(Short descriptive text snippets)
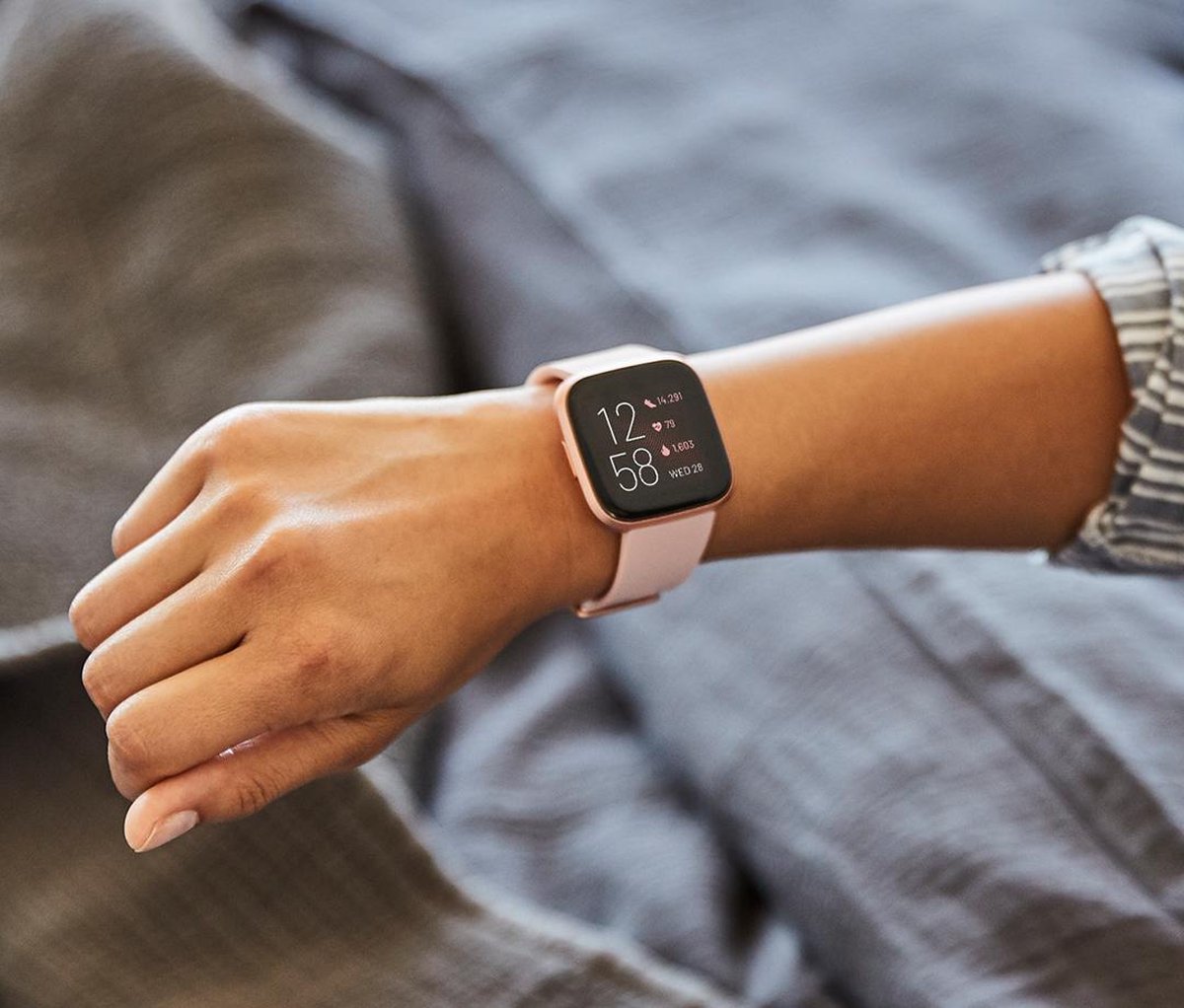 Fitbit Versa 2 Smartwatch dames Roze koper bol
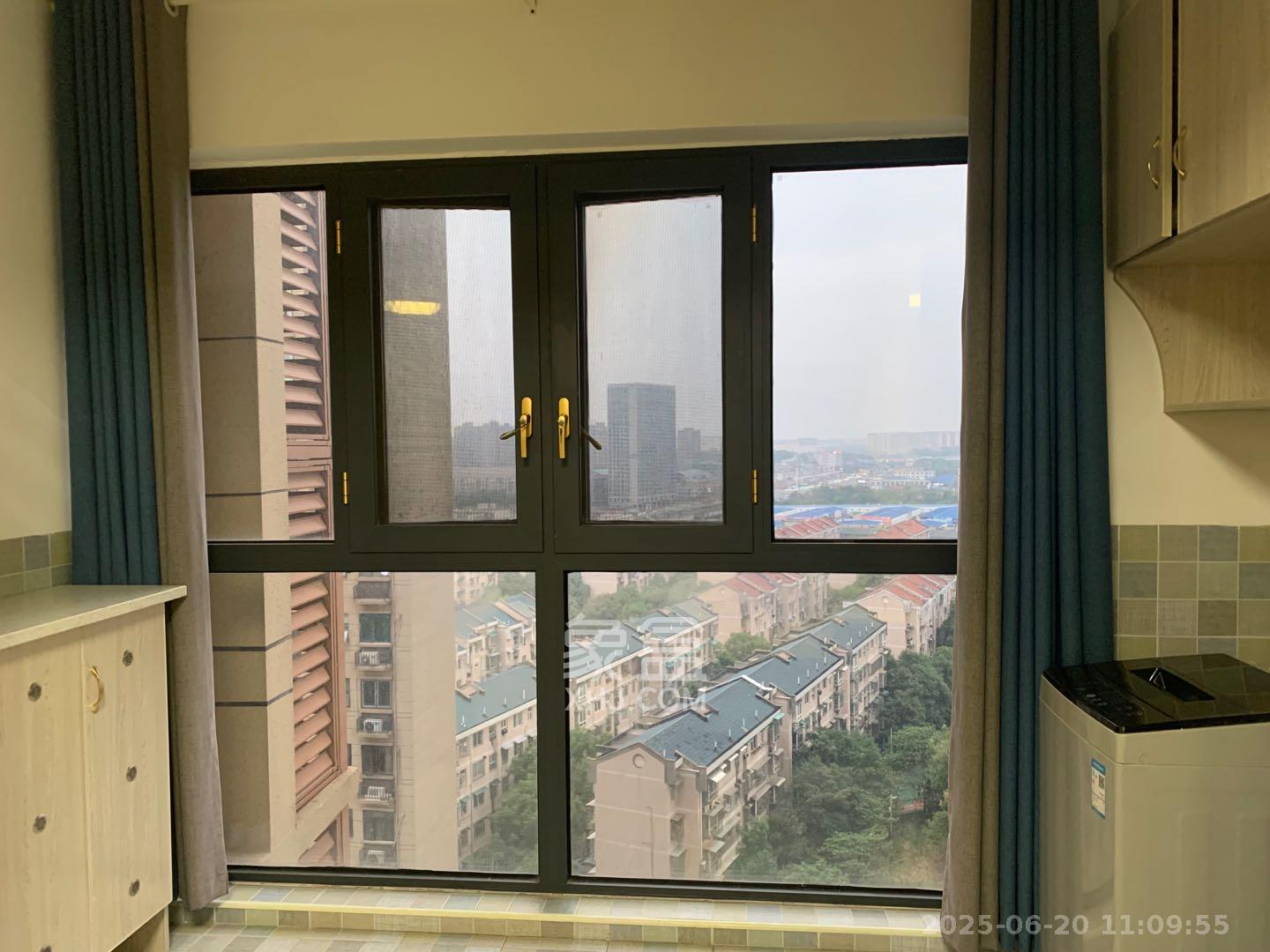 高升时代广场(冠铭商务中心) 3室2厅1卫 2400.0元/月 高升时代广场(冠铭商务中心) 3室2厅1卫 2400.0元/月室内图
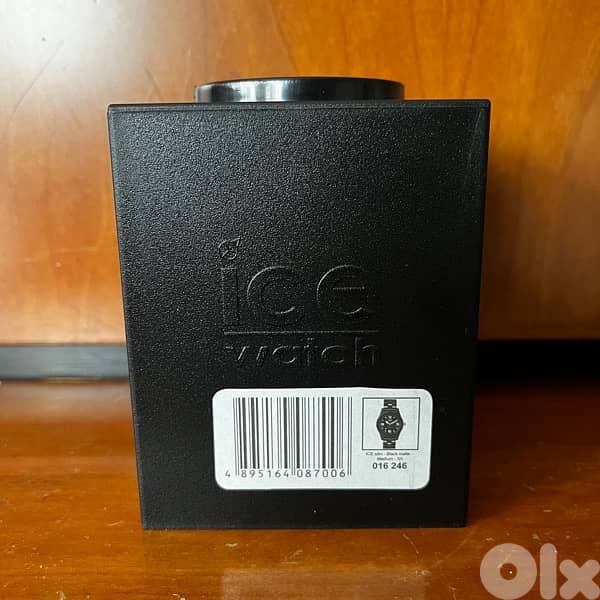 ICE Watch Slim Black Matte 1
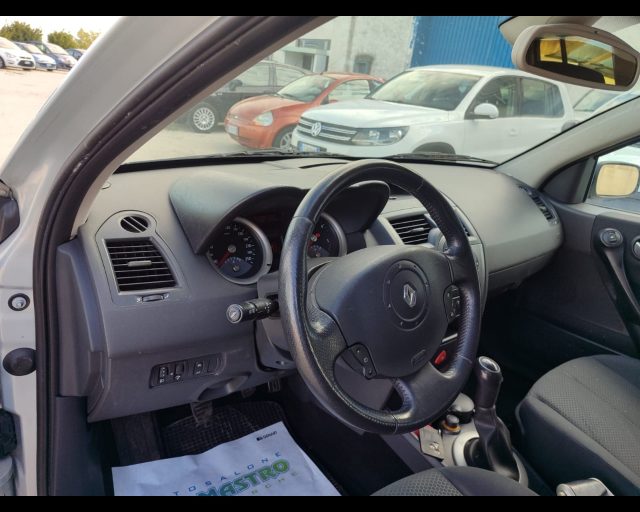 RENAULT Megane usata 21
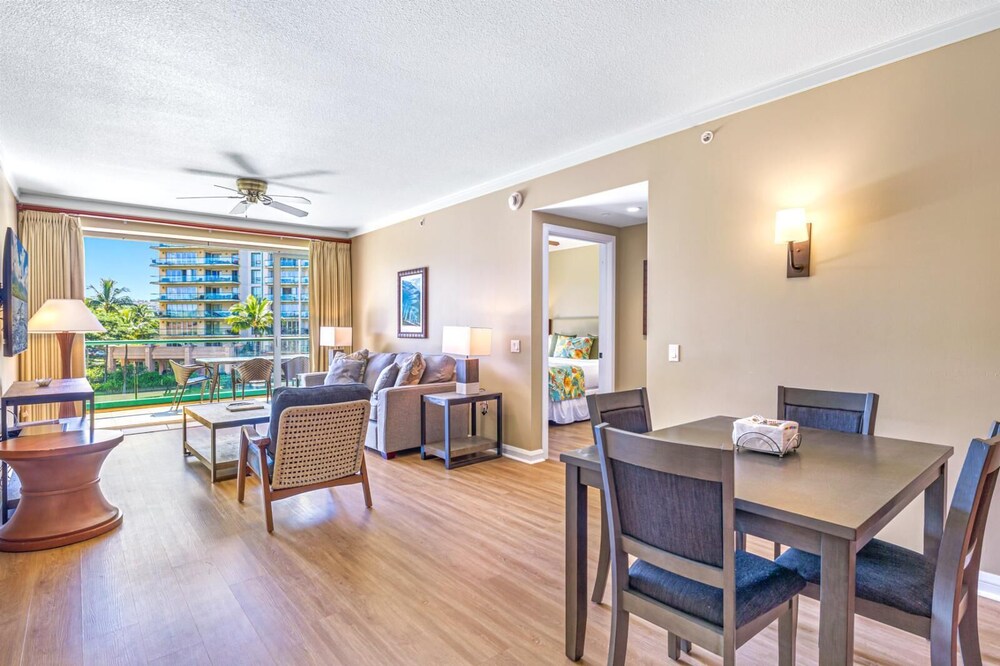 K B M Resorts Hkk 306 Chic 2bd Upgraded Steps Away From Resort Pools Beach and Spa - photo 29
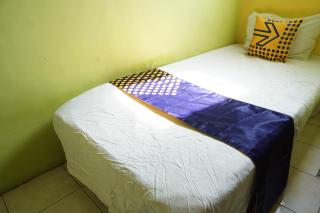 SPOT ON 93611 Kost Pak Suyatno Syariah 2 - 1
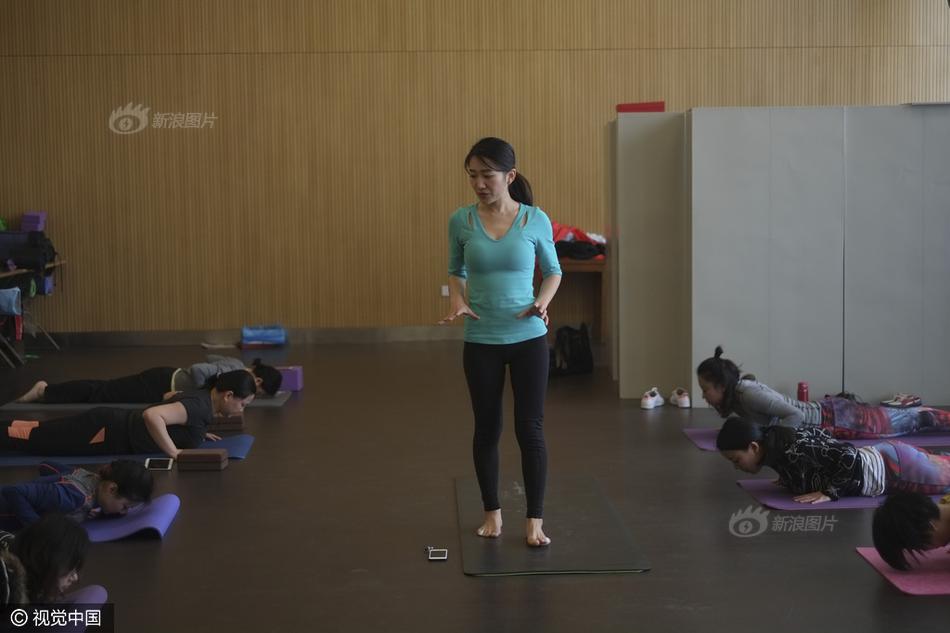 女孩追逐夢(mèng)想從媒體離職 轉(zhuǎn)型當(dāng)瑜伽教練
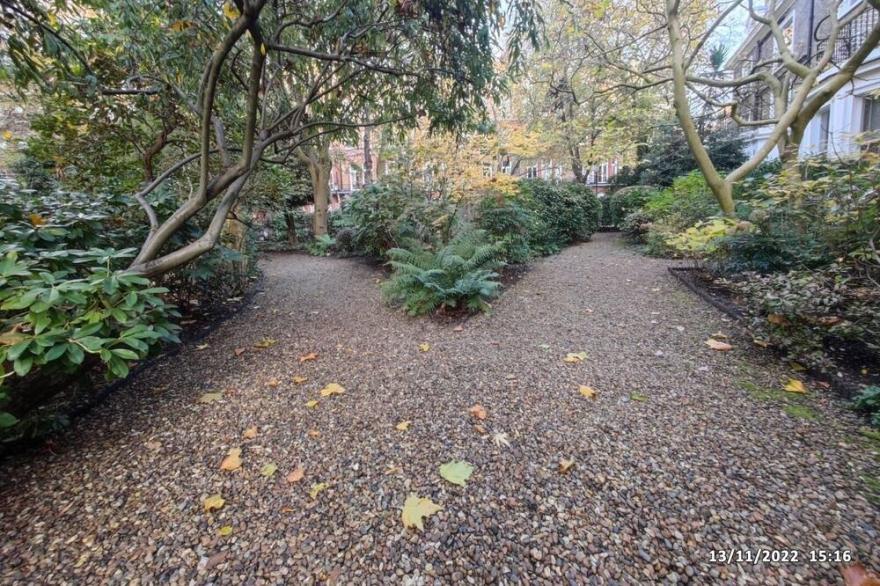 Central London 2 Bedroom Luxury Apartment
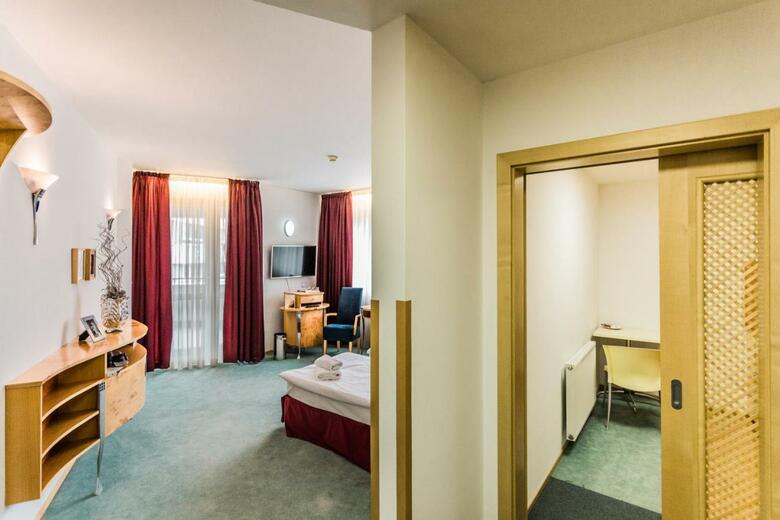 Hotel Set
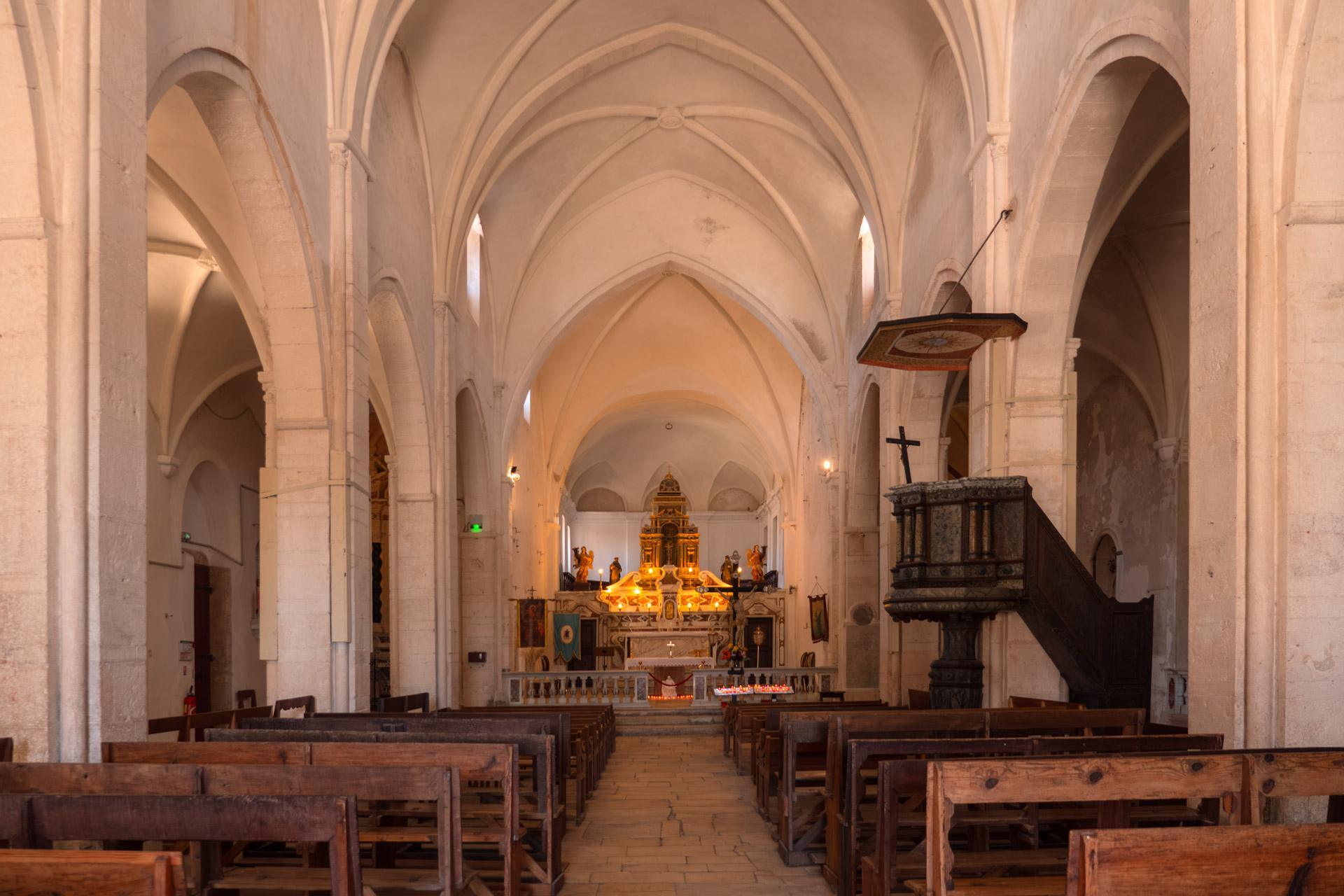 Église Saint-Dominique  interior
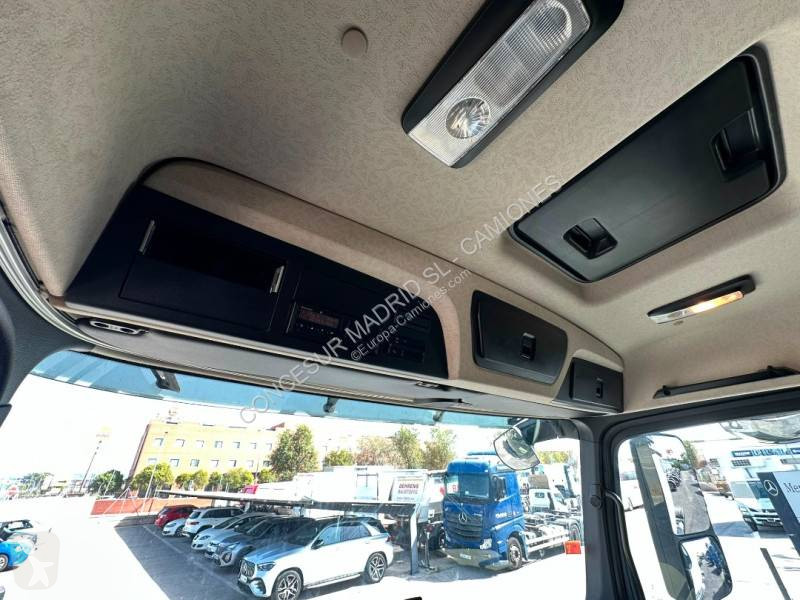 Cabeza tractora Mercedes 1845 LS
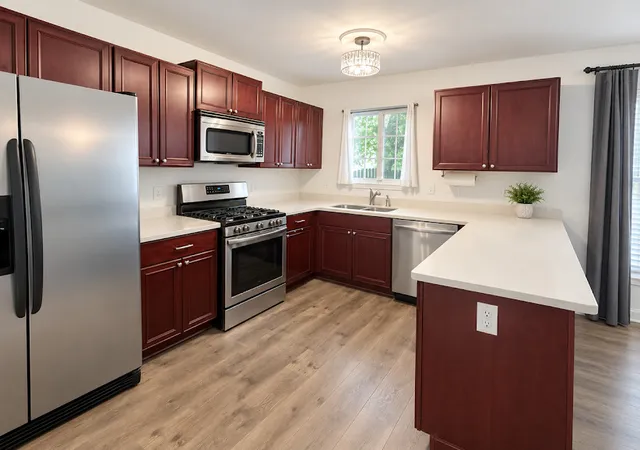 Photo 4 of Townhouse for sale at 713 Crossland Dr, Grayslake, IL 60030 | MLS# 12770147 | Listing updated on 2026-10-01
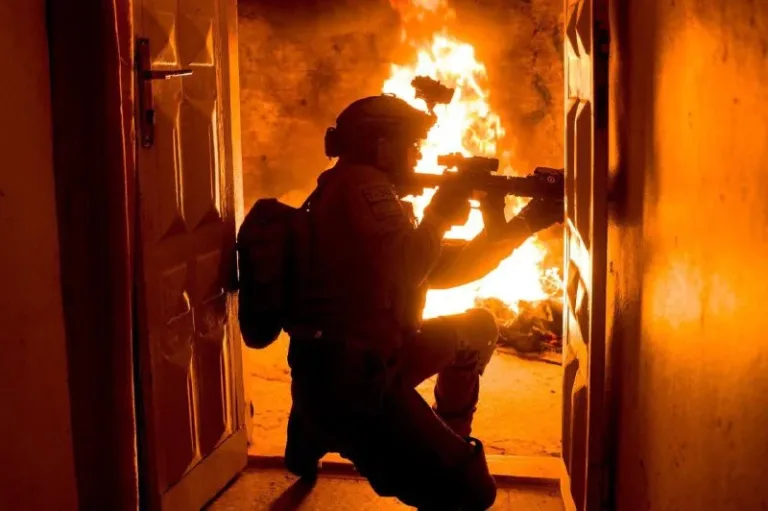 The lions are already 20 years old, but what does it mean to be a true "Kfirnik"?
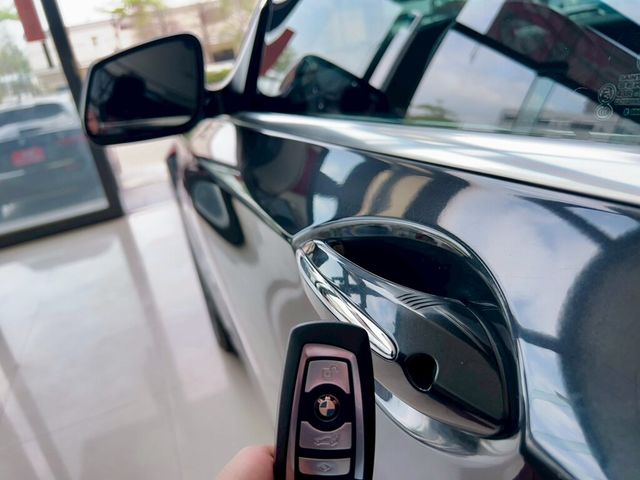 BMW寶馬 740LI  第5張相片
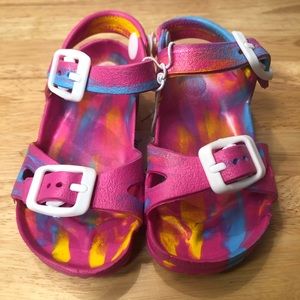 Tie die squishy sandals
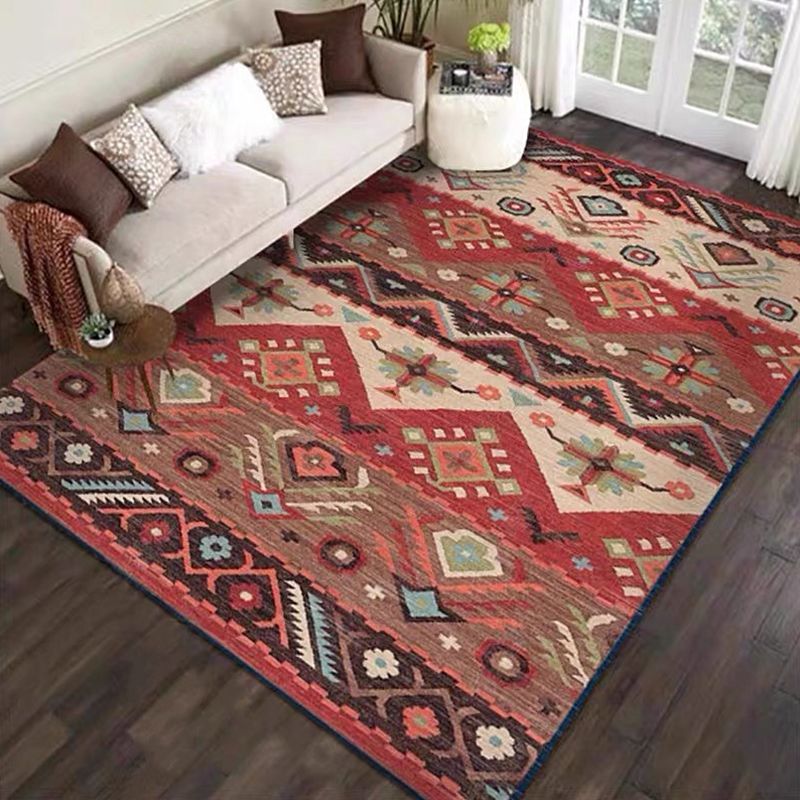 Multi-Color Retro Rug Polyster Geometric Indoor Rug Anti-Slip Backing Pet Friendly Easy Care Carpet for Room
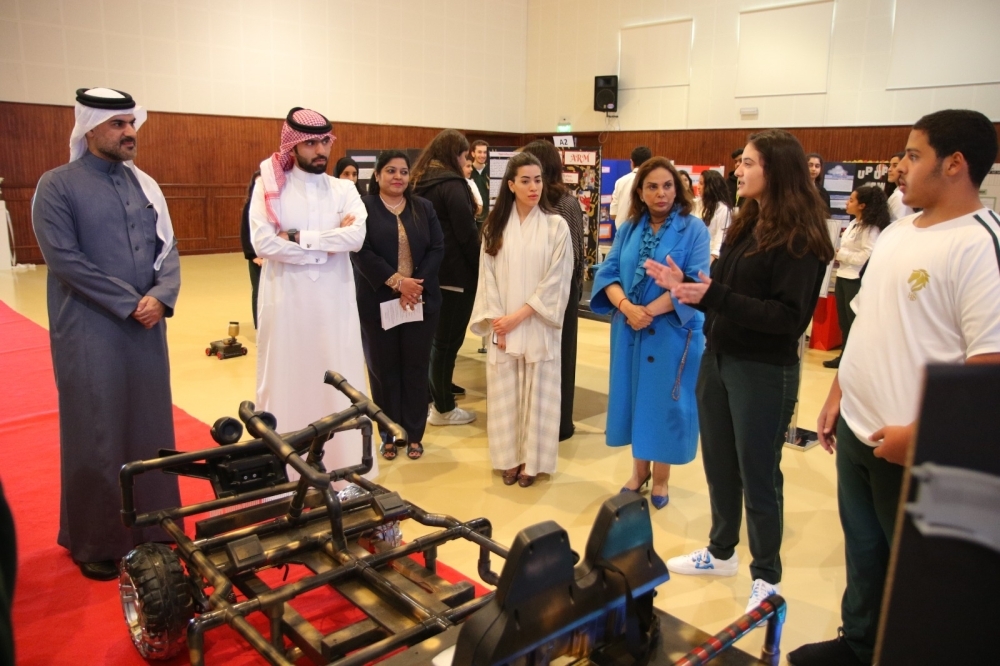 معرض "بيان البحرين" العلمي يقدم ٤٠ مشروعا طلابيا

| EXERCISE |
Every line above is to be reproduced verbatim, and the pictures are to be omitted.

| OUTPUT |
 Fitbit Versa 2 Smartwatch dames Roze koper bol
 高升时代广场(冠铭商务中心) 3室2厅1卫 2400.0元/月 高升时代广场(冠铭商务中心) 3室2厅1卫 2400.0元/月室内图
 ICE Watch Slim Black Matte 1
 RENAULT Megane usata 21
 K B M Resorts Hkk 306 Chic 2bd Upgraded Steps Away From Resort Pools Beach and Spa - photo 29
 SPOT ON 93611 Kost Pak Suyatno Syariah 2 - 1
 女孩追逐夢(mèng)想從媒體離職 轉(zhuǎn)型當(dāng)瑜伽教練
 Central London 2 Bedroom Luxury Apartment
 Hotel Set
 Église Saint-Dominique  interior
 Cabeza tractora Mercedes 1845 LS
 Photo 4 of Townhouse for sale at 713 Crossland Dr, Grayslake, IL 60030 | MLS# 12770147 | Listing updated on 2026-10-01
 The lions are already 20 years old, but what does it mean to be a true "Kfirnik"?
 BMW寶馬 740LI  第5張相片
 Tie die squishy sandals
 Multi-Color Retro Rug Polyster Geometric Indoor Rug Anti-Slip Backing Pet Friendly Easy Care Carpet for Room
 معرض "بيان البحرين" العلمي يقدم ٤٠ مشروعا طلابيا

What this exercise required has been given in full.